### Your instructions
Begin at the line that contains "TODDLER Baby Girl" and repeat every line from there to the end of the records below, inclusive, without adding any other line.

***** Data for analysis

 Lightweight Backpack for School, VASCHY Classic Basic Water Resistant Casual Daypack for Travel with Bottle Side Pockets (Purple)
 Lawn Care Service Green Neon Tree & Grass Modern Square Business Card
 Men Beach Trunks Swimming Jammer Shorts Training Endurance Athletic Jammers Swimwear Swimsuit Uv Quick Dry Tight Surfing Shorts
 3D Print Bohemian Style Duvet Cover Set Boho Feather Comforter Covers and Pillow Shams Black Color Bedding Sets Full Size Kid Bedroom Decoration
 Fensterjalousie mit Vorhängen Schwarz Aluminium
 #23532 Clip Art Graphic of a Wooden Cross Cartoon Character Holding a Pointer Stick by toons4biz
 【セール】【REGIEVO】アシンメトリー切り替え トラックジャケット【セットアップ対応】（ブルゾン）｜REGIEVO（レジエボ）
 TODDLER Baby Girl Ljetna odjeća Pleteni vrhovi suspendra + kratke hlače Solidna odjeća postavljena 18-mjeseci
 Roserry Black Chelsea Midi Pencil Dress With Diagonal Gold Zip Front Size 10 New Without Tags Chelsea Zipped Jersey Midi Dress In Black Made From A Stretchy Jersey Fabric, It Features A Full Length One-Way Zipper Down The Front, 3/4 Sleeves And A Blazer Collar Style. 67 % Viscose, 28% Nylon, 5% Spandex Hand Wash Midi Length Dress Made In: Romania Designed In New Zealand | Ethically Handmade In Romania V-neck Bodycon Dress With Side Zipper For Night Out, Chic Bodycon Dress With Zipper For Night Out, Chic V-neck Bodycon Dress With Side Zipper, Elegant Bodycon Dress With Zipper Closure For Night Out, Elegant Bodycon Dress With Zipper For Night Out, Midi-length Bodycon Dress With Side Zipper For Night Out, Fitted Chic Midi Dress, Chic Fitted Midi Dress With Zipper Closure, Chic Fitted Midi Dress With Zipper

**********

### Result
 TODDLER Baby Girl Ljetna odjeća Pleteni vrhovi suspendra + kratke hlače Solidna odjeća postavljena 18-mjeseci
 Roserry Black Chelsea Midi Pencil Dress With Diagonal Gold Zip Front Size 10 New Without Tags Chelsea Zipped Jersey Midi Dress In Black Made From A Stretchy Jersey Fabric, It Features A Full Length One-Way Zipper Down The Front, 3/4 Sleeves And A Blazer Collar Style. 67 % Viscose, 28% Nylon, 5% Spandex Hand Wash Midi Length Dress Made In: Romania Designed In New Zealand | Ethically Handmade In Romania V-neck Bodycon Dress With Side Zipper For Night Out, Chic Bodycon Dress With Zipper For Night Out, Chic V-neck Bodycon Dress With Side Zipper, Elegant Bodycon Dress With Zipper Closure For Night Out, Elegant Bodycon Dress With Zipper For Night Out, Midi-length Bodycon Dress With Side Zipper For Night Out, Fitted Chic Midi Dress, Chic Fitted Midi Dress With Zipper Closure, Chic Fitted Midi Dress With Zipper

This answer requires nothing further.